TASK PROMPT: For this exercise, return exactly the lines of the material below that begin at the one with "Marsfield New Modern" and stop after the one with "চান্দিনায় ঘরে ঘরে ত্রাণ পৌঁছে দিচ্ছেন ইউএনও".

EXCERPTED RECORDS:
○ ○ ○

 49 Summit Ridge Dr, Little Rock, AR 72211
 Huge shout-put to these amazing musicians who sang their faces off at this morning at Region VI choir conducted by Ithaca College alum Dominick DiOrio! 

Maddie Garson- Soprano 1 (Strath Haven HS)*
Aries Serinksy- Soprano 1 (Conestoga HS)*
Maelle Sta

○ ○ ○

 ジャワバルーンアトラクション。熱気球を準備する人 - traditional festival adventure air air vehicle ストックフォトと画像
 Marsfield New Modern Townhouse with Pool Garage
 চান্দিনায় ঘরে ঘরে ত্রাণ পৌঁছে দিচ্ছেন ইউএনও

○ ○ ○

REPLY:
 Marsfield New Modern Townhouse with Pool Garage
 চান্দিনায় ঘরে ঘরে ত্রাণ পৌঁছে দিচ্ছেন ইউএনও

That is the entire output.